Landing here will be dictated by the weather and sea. If conditions allow, as we approach, keep watch on deck as the spoon-shaped island’s highest summit emerges. At 7,470 feet (2,277 meters) high, the breathtaking Beerenberg volcano features a symmetrical cone shape and impressive glaciers that spill into the sea. During the summer months, the island’s lower landscape is covered with grass, moss and a smattering of hardy flowers that add a cheery pop of color to the otherwise barren black lava terrain.
One site we hope to visit is Olonkinbyen and the surrounding area. Named after Russian-Norwegian polar explorer Gennady Olonkin, it’s the island’s only settlement and the location of the meteorological station, where you may have the chance to learn about polar research while seeing how weather is monitored at the top of the world. Another option might be the black sand beach at Kvalrossbukta, where the remnants of a 17th-century Dutch whaling station and a large fulmar colony can be found. In 1632, two Basque ships landed at the small bay and plundered the station. A Dutch party was sent here the following year to protect the land stations during winter, but all seven men perished from scurvy. Whaling in the area came to an end about 20 years later.

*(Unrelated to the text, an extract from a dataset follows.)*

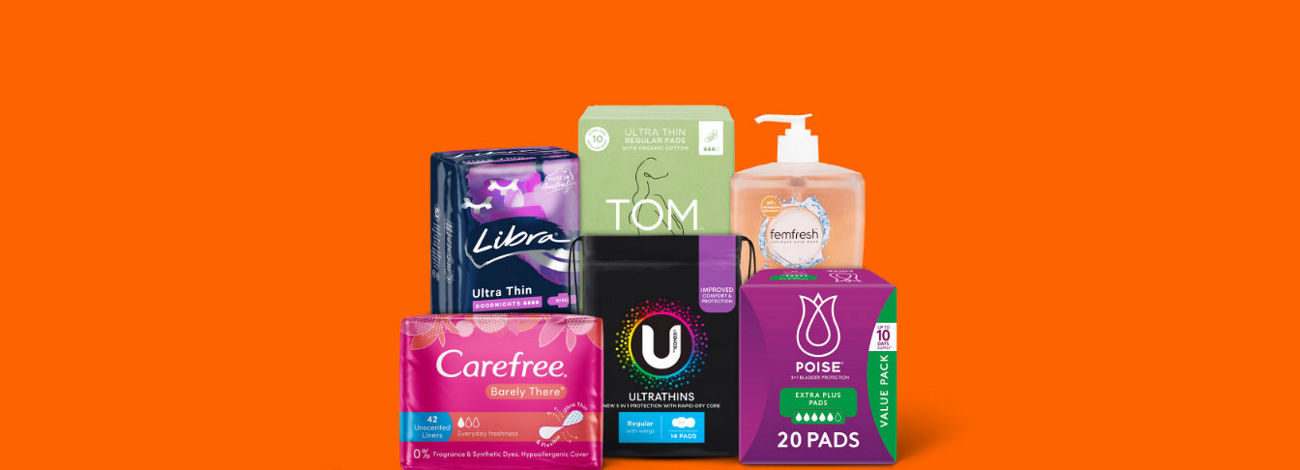 A variety of feminine hygiene products, including pads, liners, and feminine wash.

If we’re fortunate, we may view the volcano and the stratified cliffs of the spectacular north coast as we Zodiac cruise around the island, searching for wildlife. Designated an Important Bird Area by BirdLife International for the large numbers of breeding seabirds, Jan Mayen supports colonies of northern fulmars, little auks, glaucous gulls, kittiwakes, and black and Brünnich’s guillemots (thick-billed murres). And if we are fortunate, you might see “sea parrots,” the Atlantic puffin again. The waters here are rich feeding grounds for marine life, so keep a lookout for minke, fin, blue or humpback whales.